Рота заняла оборону в картофельном поле. Немцы, заметив наших бойцов, с перепуга решили, что это авангард наступающей русской дивизии. На дороге появился офицер. Он размахивал нательной рубахой, привязанной к штыку:

— Наш генерал готов начать переговоры…

— Хорошо, мы высылаем командира взвода! — крикнул Мамед.

Немец замахал руками:

— Генерал ни за что не станет говорить с лицом ниже его по чину.

Поскольку советского генерала под рукой не оказалось, то к ответственной встрече стал готовиться лейтенант Бадаев.

— Только где же достать мундир? — забеспокоился он.

Кто-то вспомнил, что в боевой обстановке даже самого Рокоссовского видели в легкой кожаной куртке и в галифе без лампасов.

— А я встречал генерала в маскировочном халате, точно в таком, как на мне, — сказал ротный снайпер.

…Об этих переговорах на генеральском уровне теперь имеется много письменных источников, и я сошлюсь на один из них:

«Зеленый с коричневыми разводами маскировочный халат закрыл и кирзовые сапоги и погоны.
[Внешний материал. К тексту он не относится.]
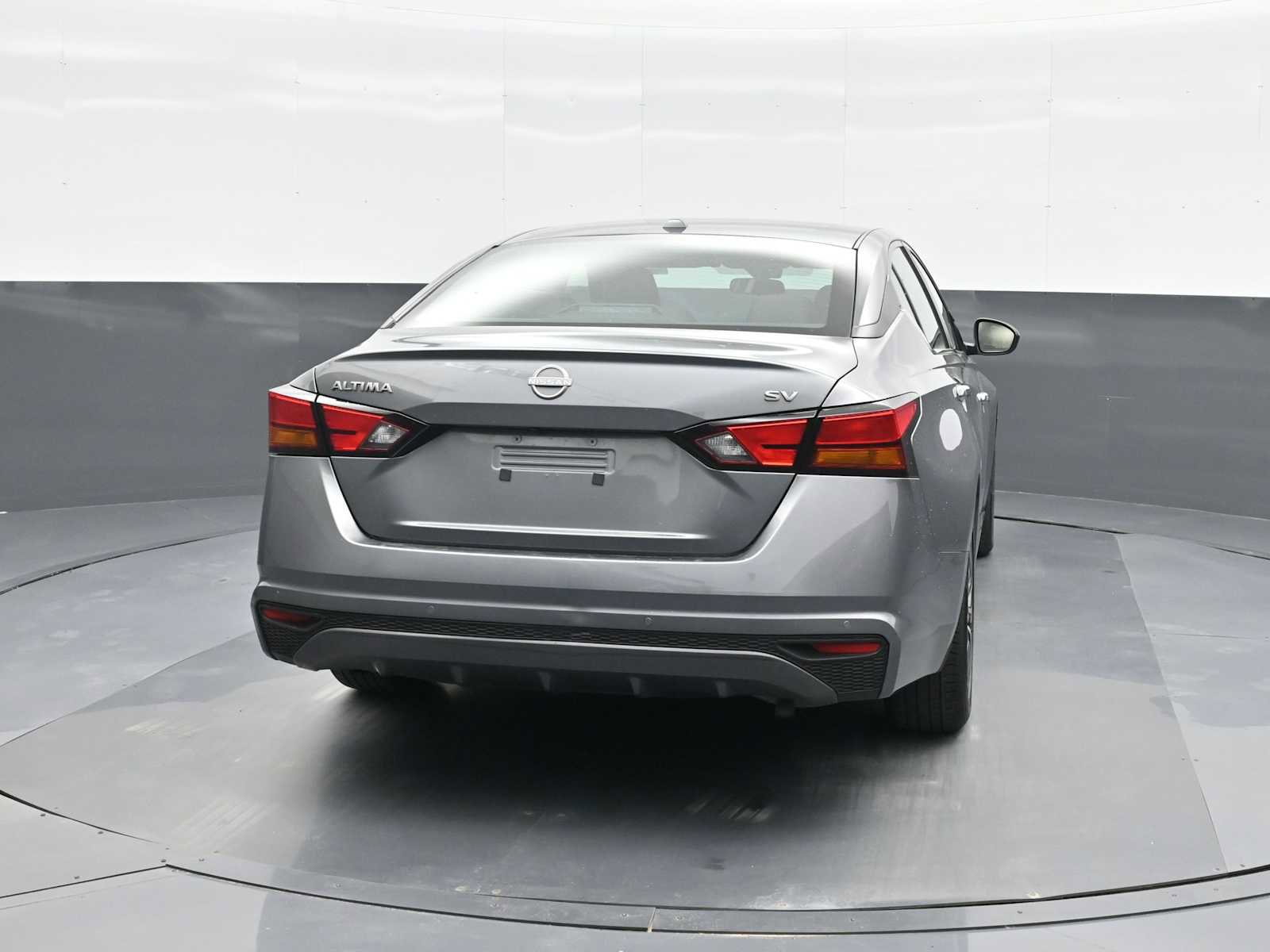 Used 2024 Nissan Altima 2.5 SV image 8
Оставались открытыми только лицо и грудь Мамеда. На его груди уместились почти все ордена роты: слева — шесть орденов Красного Знамени, справа — в два ряда ордена Отечественной Войны. Для медалей места уже не осталось.

Мамед вышел на шоссе. По обеим сторонам с отступлением на один шаг стали его секунданты. Из-за дымящихся тягачей в сопровождении двух офицеров показался немецкий генерал. Он шел, далеко выкидывая вперед левую ногу. «Как на параде», — подумал Мамед.
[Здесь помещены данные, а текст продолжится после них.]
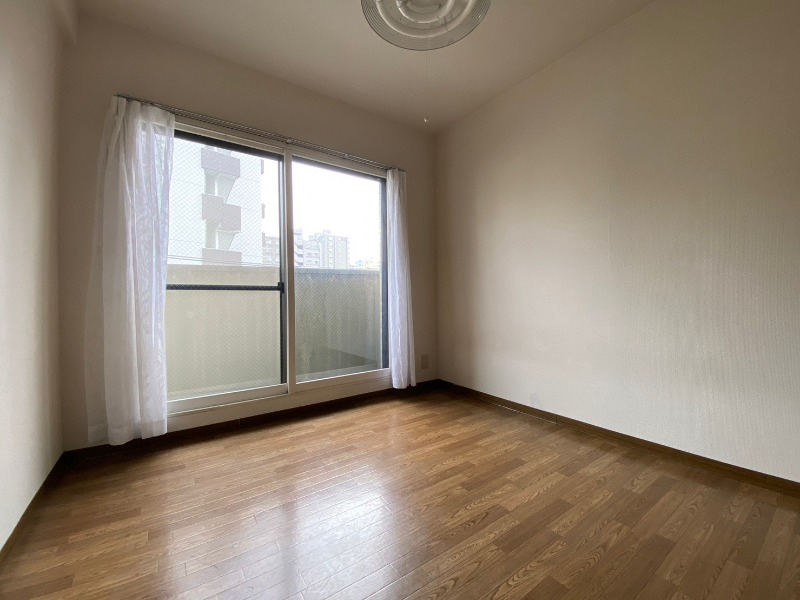 その他部屋・スペース　寝室はこちらです。光が差し込む、温かみのあるお部屋です。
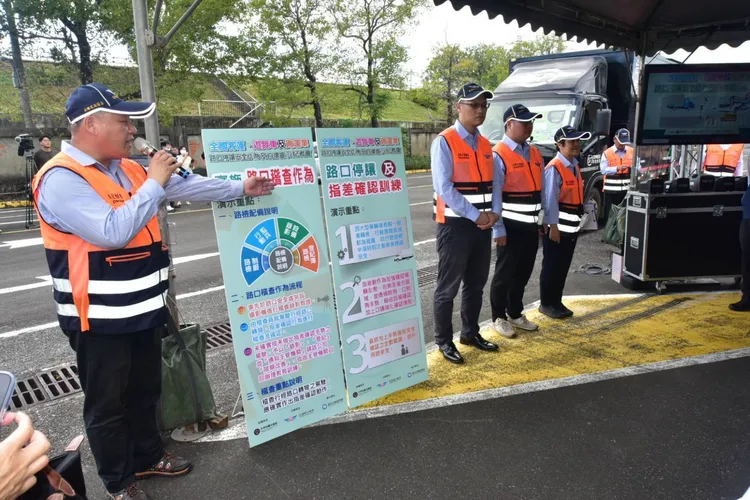 績優業者實際駕駛大客車，示範標準的「慢、看、停」與「指差確認」等路口轉彎動。公路局提供
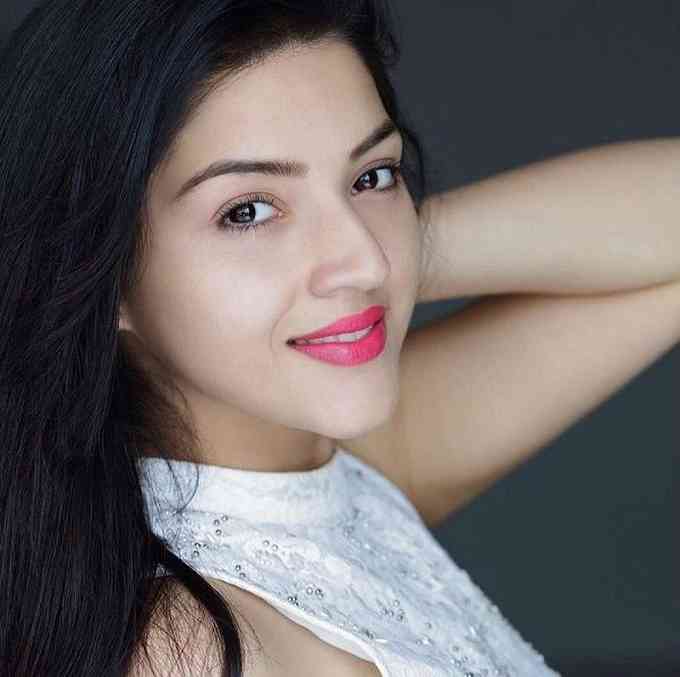 Mehreen Pirzada Images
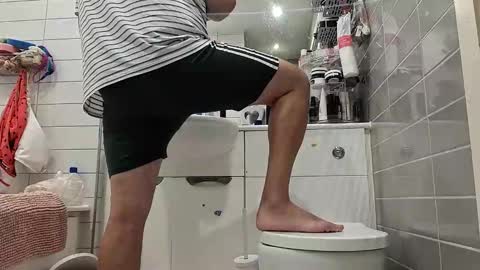 Snapshot of pulpdiction2 chatting on 10/12/25, 08:35 Pulp online show from 10/12/25, 08:35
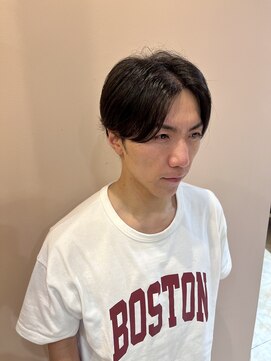 レジナヴィータ 栄(Reginavita) 毛流れセンターパート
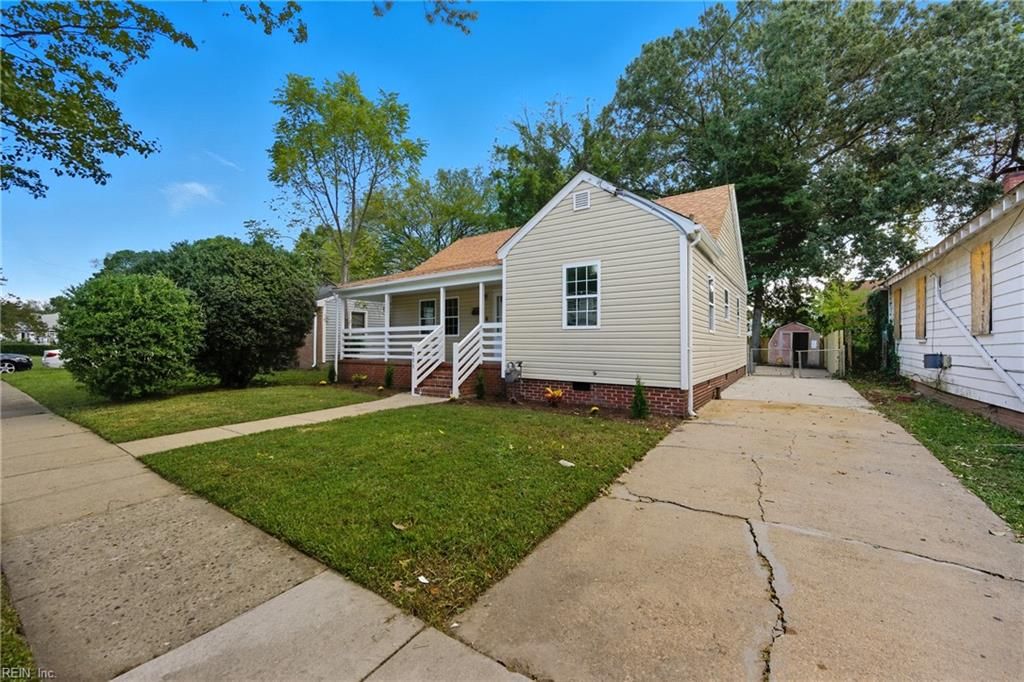 Photo of 1711 Richmond Avenue, Portsmouth, VA 23704 (MLS # 10616548)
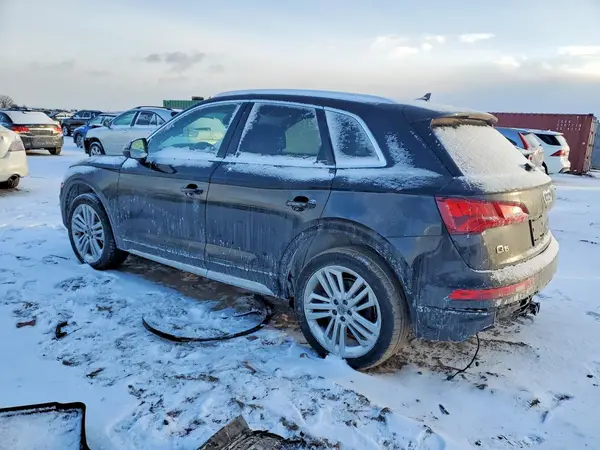 WA1BNAFY7K2100126 2019 AUDI Q5 - Image 2
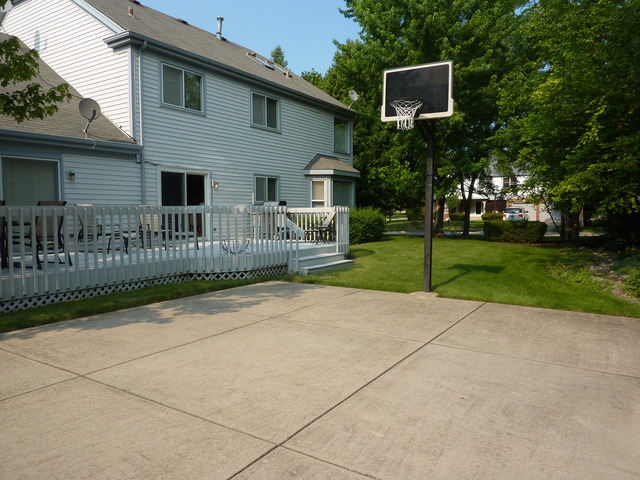 631 Raintree Road Buffalo Grove, IL 60089 - Photo 21 of 22 a front view of a house with yard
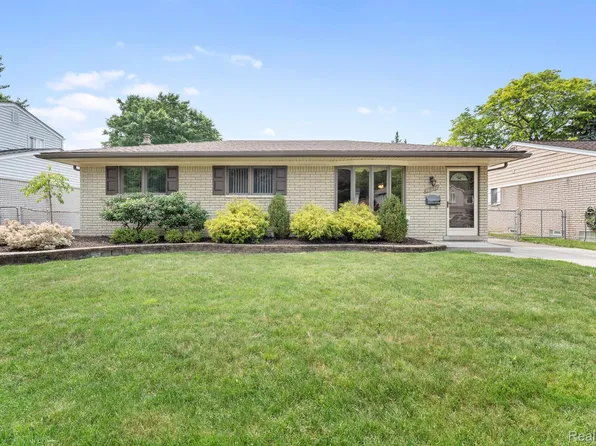 10330 Westlake St, Taylor, MI 48180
Расстояние уменьшалось. Вскоре можно было даже различить белый шрам на лице генерала, а на груди клинообразную ленту с «железным крестом». Незаметным движением Мамед распахнул маскировочный халат, открывая ордена. Шагах в пяти друг от друга обе группы остановились. Немец гаркнул:

— Генерал Иоахим фон Шлюбке Магдебургский…
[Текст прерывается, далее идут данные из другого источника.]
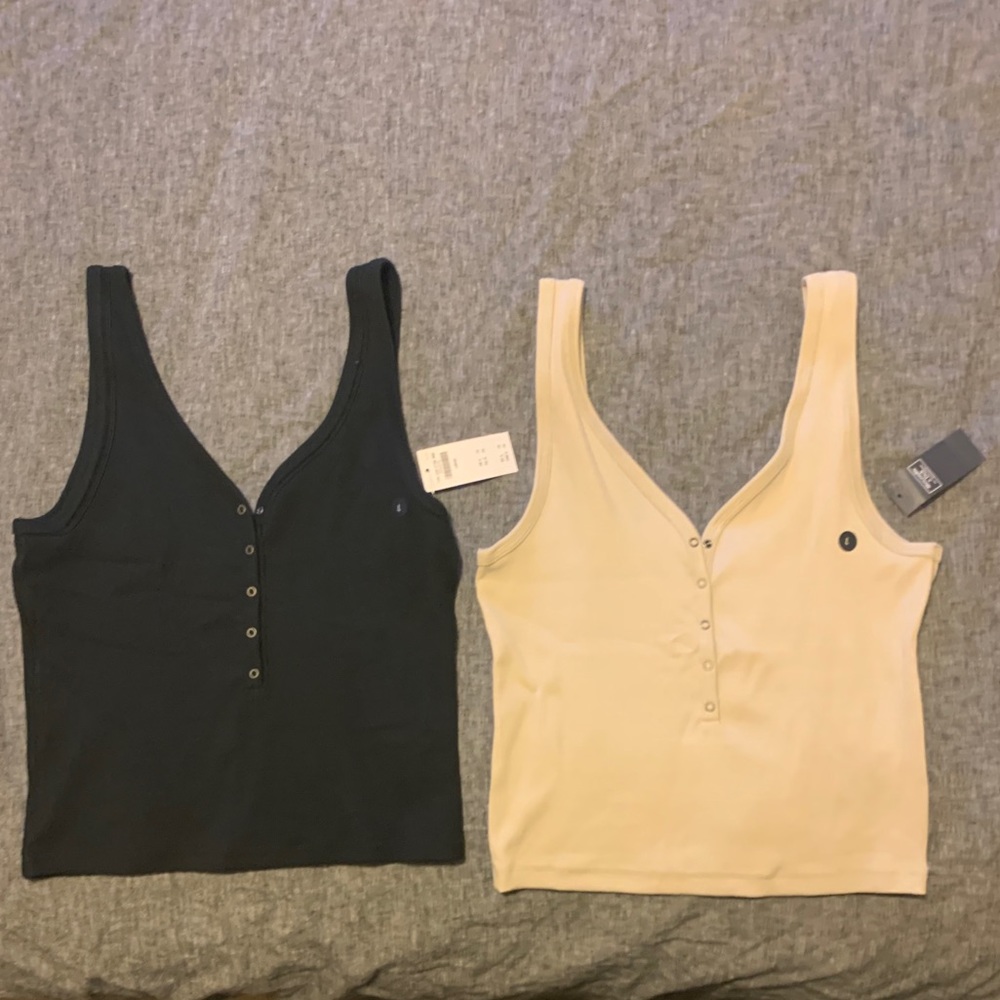 NWT Abercrombie ribbed Henley crop tanks
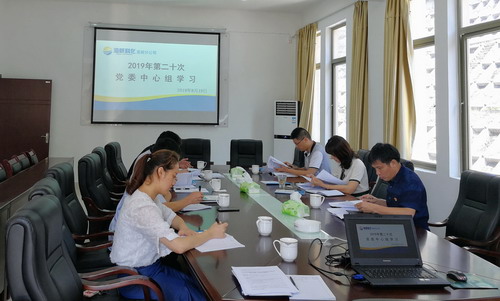 鐘林琳：龍巖分公司黨委認真學(xué)習《習近平在寧德》《習近平在廈門(mén)》等采訪(fǎng)實(shí)錄_調整大小.jpg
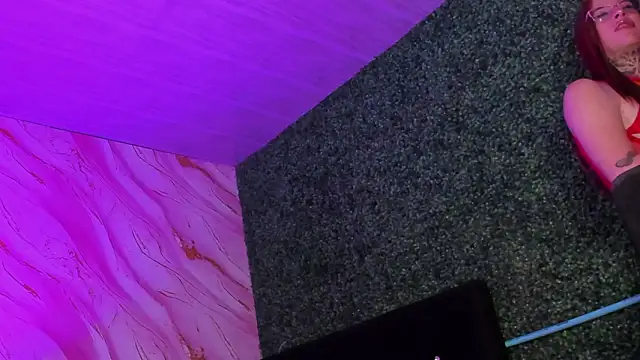 Pokazy przed kamerką – ivy_ary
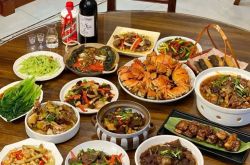 新年の2日目は、親戚や友人の食事をシェアします。お正月の味わいが強く、セレモニーのセンスがあり、贅沢でコクのある料理です。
— Генерал Мамед Анауский (Анау — пригородный аул Ашхабада. — И. Ш.). — И властно добавил: — Условие одно. Безоговорочная капитуляция. Все оружие сложите вон там в кювете!»

Я цитировал здесь рассказ известного туркменского писателя Сейитнияза Атаева. Рассказ этот заканчивался так:

«Никто, конечно, не знает, что «генерал Мамед Анауский» вот уже двадцать с лишним лет пасет колхозную отару в родном ауле».

Я удивился и спросил у Сейитнияза:

— Почему же у тебя журналист превратился в пастуха?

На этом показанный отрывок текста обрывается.